• [GOAL OF THE EXERCISE]
Pictures aside, the data must be reproduced exactly.

• [RECORDED INFORMATION]
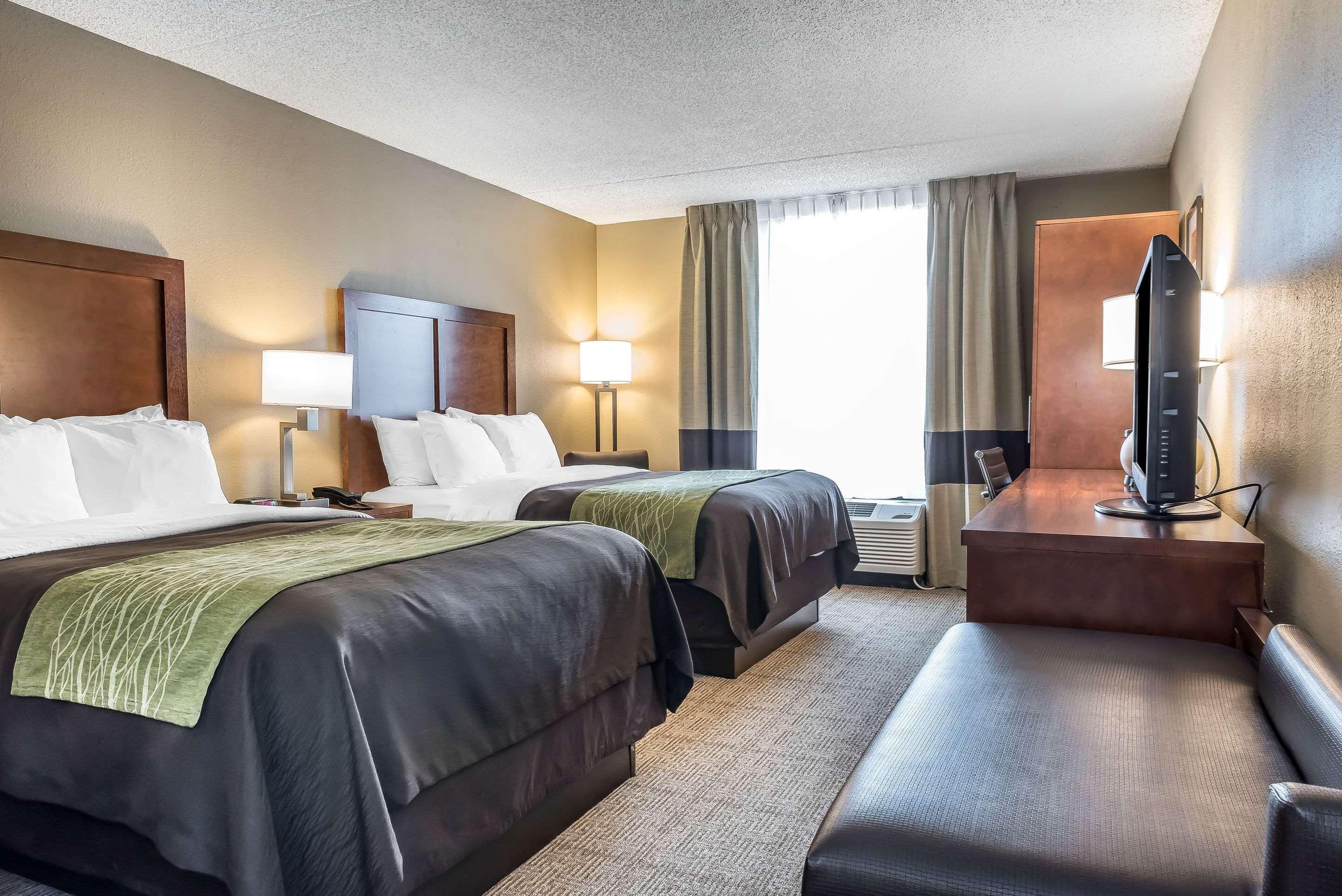 A hotel room with two beds, a desk with a computer, a TV, and a window with curtains.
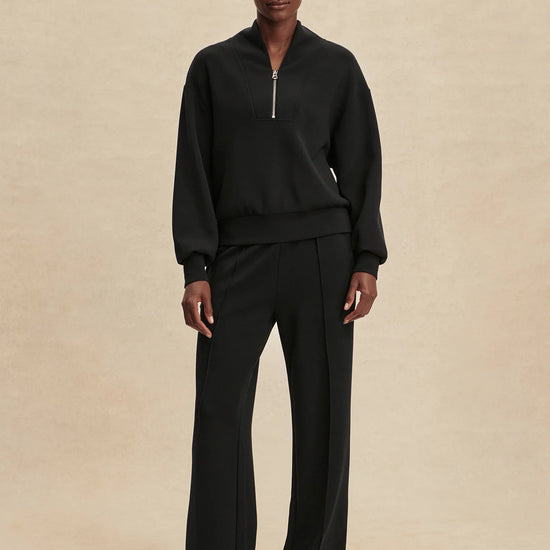 Quarter zip and slightly cropped black sweat top with shawl collar and V neckline from varley model shot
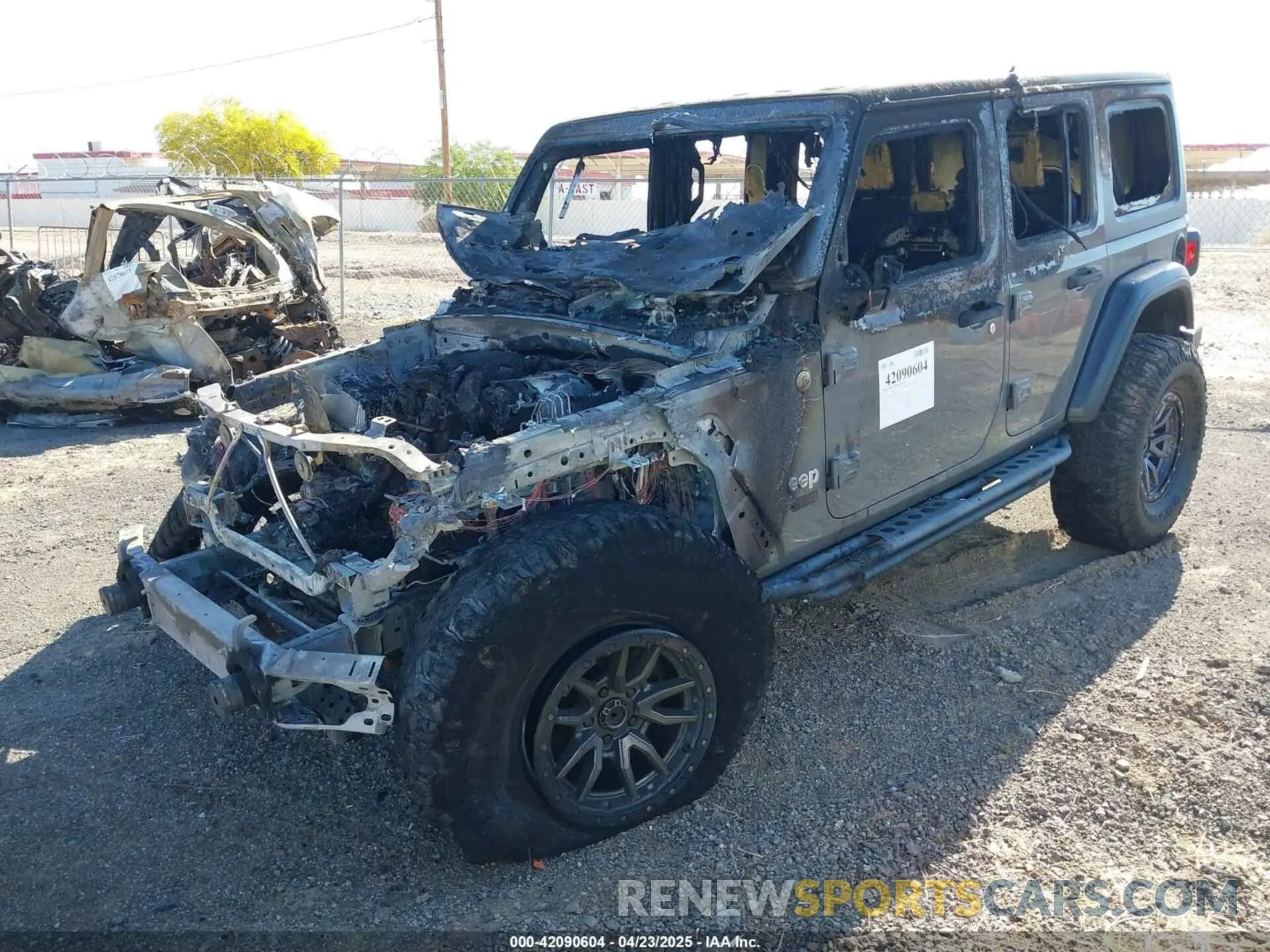 2 Photograph of a damaged car 1C4HJXDN8KW617970 JEEP WRANGLER UNLIMITED 2019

• [WORKED SOLUTION]
 A hotel room with two beds, a desk with a computer, a TV, and a window with curtains.
 Quarter zip and slightly cropped black sweat top with shawl collar and V neckline from varley model shot
 2 Photograph of a damaged car 1C4HJXDN8KW617970 JEEP WRANGLER UNLIMITED 2019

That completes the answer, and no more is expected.